Problem to solve → Nothing but the lines from the one containing "(Yousafzai autobiography) Answer" to the final line of the entries should appear, copied exactly and without pictures.

Material provided →
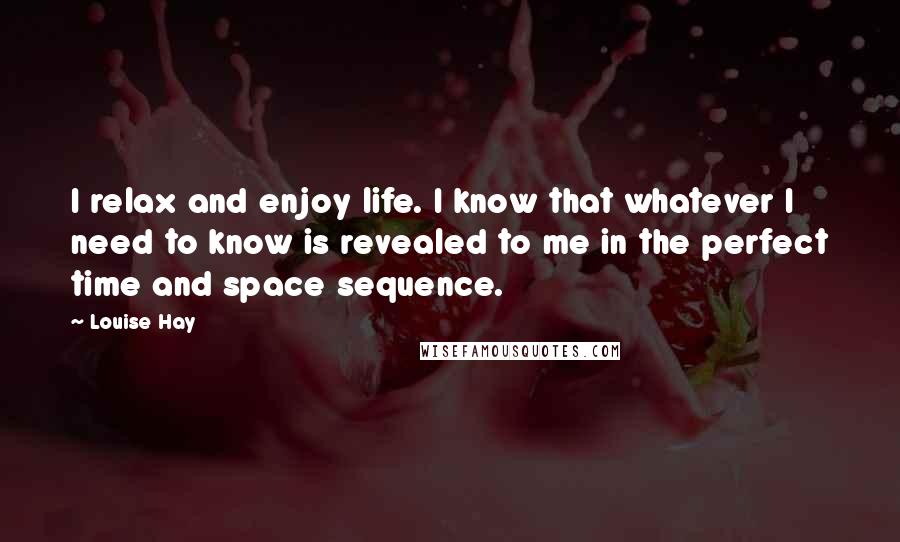 Louise Hay Quotes: I relax and enjoy life. I know that whatever I need to know is revealed to me in the perfect time and space sequence.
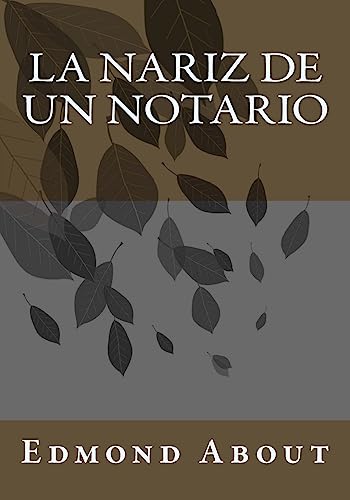 Beispielbild fr La nariz de un notario (Spanish Edition) zum Verkauf von Lucky's Textbooks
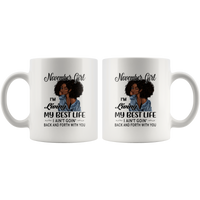 Black November girl living best life ain't goin back, birthday white gift coffee mug for women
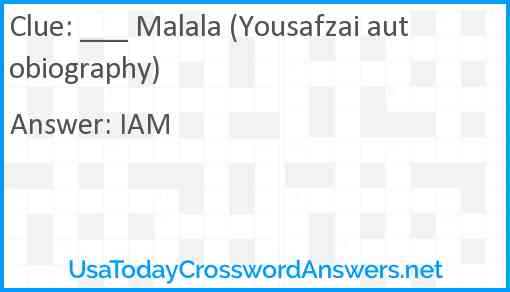 ___ Malala (Yousafzai autobiography) Answer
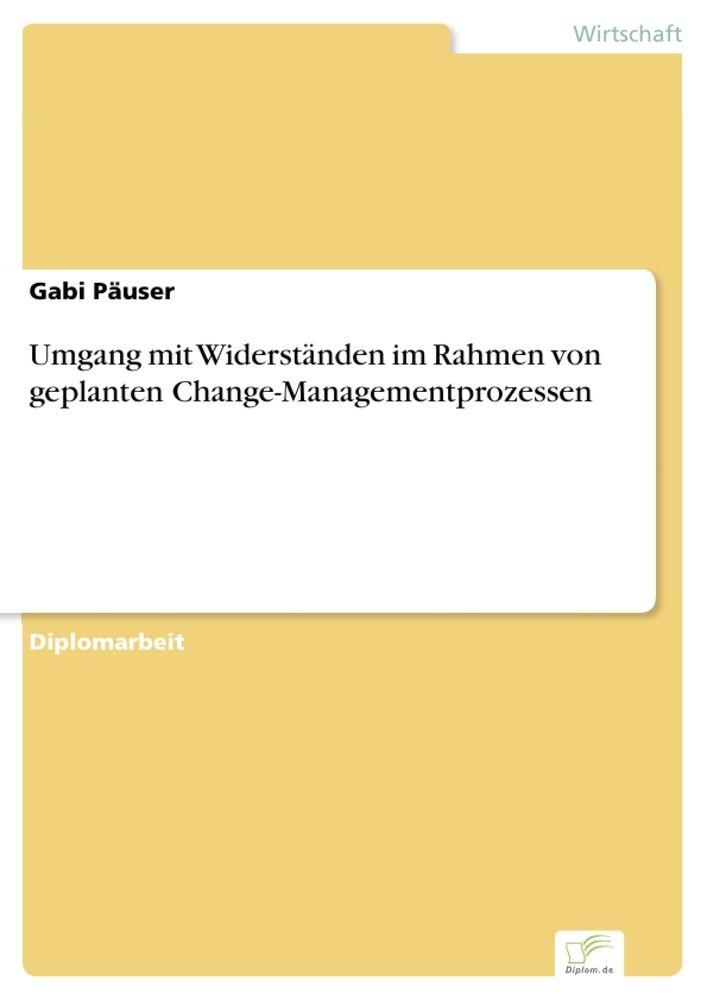 Umgang mit Widerständen im Rahmen von geplanten Change-Managementprozessen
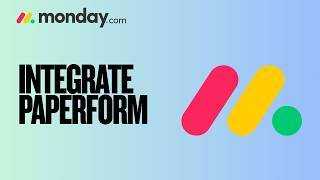 How to Integrate Paperform with Monday.com | Step-by-Step Guide 2026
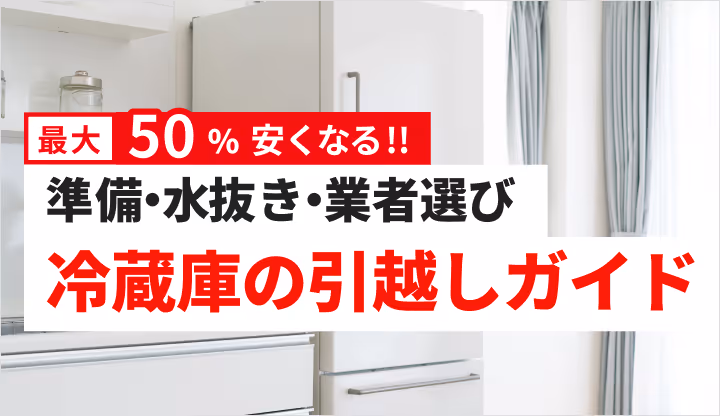最大 50 % 安くなる!!
準備・水抜き・業者選び
冷蔵庫の引越しガイド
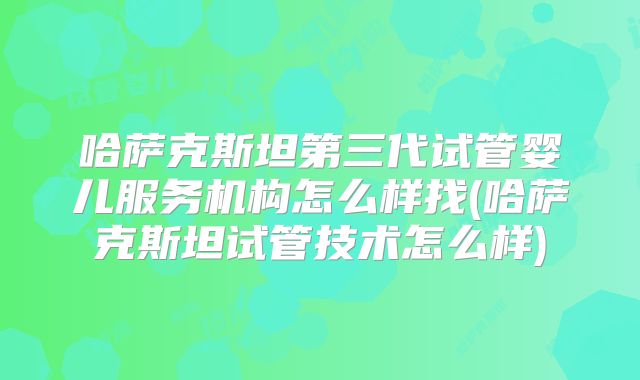 哈萨克斯坦第三代试管婴儿服务机构怎么样找(哈萨克斯坦试管技术怎么样)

Task response →
 ___ Malala (Yousafzai autobiography) Answer
 Umgang mit Widerständen im Rahmen von geplanten Change-Managementprozessen
 How to Integrate Paperform with Monday.com | Step-by-Step Guide 2026
最大 50 % 安くなる!!
準備・水抜き・業者選び
冷蔵庫の引越しガイド
 哈萨克斯坦第三代试管婴儿服务机构怎么样找(哈萨克斯坦试管技术怎么样)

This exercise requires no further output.